- DATA:
################
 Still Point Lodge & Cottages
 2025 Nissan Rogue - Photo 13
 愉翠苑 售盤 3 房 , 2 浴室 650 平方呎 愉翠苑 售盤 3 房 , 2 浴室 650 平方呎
################
- WORK ORDER:
Transcribe the listing above verbatim.

- SOLVED PROBLEM:
 Still Point Lodge & Cottages
 2025 Nissan Rogue - Photo 13
 愉翠苑 售盤 3 房 , 2 浴室 650 平方呎 愉翠苑 售盤 3 房 , 2 浴室 650 平方呎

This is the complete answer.